Though this initial instinctual approach remained a guiding principle, going deeper into the work of the translations demanded a huge amount of contextualizing research and a constant questioning of the dynamic between authorial intent and readerly interpretation that's familiar to all acts of translation. The myriad complexities of translational decisions begin with the title: Museum Penghancur Dokumen. “Museum” and “dokumen” will of course be recognizable to English readers as cognates of the English “museum” and “document,” absorbed into the polyglottal fibers of the Indonesian language. “Penghancur” is a noun corresponding roughly to the English “destroyer, crusher, smasher.” However, following a logic of acute subversion that runs throughout the book, “museum penghancur dokumen” plays on “mesin penghancur dokumen”—roughly “document shredding machine” in English—or what is commonly called a “paper shredder” or “document shredder.” So, if there were a way to embed a “museum” into the semantic space of the “machine” that could animate the act of “paper” or “document” shredding in the English language, that might be a more apt way of envisaging it.
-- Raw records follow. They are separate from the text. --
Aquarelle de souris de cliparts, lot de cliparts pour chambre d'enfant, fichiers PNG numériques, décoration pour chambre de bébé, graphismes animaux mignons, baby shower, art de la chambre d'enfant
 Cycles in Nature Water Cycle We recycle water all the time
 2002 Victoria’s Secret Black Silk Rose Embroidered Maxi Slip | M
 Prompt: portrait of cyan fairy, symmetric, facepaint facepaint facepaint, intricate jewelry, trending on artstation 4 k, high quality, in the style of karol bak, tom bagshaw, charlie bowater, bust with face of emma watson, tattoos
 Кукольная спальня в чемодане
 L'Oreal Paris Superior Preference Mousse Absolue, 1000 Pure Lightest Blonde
These “machines,” in both punning and more straightforward roles, pop up throughout the book. “Mesin foto copy,” “mesin cuci,” “mesin hitung,” “mesin pencetak,” “mesin ATM,” and “mesin penghancur dokumen” itself. Throughout, I've kept the literal “machine” in the English translation, even where unconventional, e.g. “printing machine” rather than “printer.” Though this may be a rather facile illustration of the translational attitude of the book, I hope it suffices as an example of an intention to carefully follow Afrizal's poems in their attempt to lay bare the emptiness of rote linguistic commonplaces and fill their senselessness with possibilities for shadow meanings, unexpected imaginings.
In fact, the words “bayang,” and “bayangan,” which can be said to roughly mean both “shadow” and “imagination” (or, in the verb form “membayangkan,” “to shadow” and “to imagine”) appear with great frequency in Museum Penghancur Dokumen. Throughout the English version, I've translated the noun form as “shadow(s)” and the verb form as “to imagine.” Though this decision is based in the context of the words' usage in the poems, in language situations where it's (almost universally) quite clear which meaning is being employed, I wonder if it's too consistent, too clean. Something about the indivisibility of ideas in this word, of shadow as imagination and imagining as shadowing, feels essential to the overall aesthetic and politic of the book.
And so, in the space of this note, I'd like to shadow an imagined version of this translation. Or, more accurately, a multitude of such possible versions. I think of Document Shredding Museum as a shadow of a shadow that will “slip away from its light.” As Afrizal writes in the afterward, “The poems in this collection are like a piece of knitting that leaves its unknit leftover strands among the triangle's shadows: language-shadow, body-shadow, and space-shadow…leaving the dimensions unbound, reality discontinuous, in order for memories unarchived to discover their own distinct skies.” These poems invite us to discover for ourselves as well. They invite us to a “dinner party between cause and effect.” Invite us to “swim in a language that always says good morning to the bathroom.”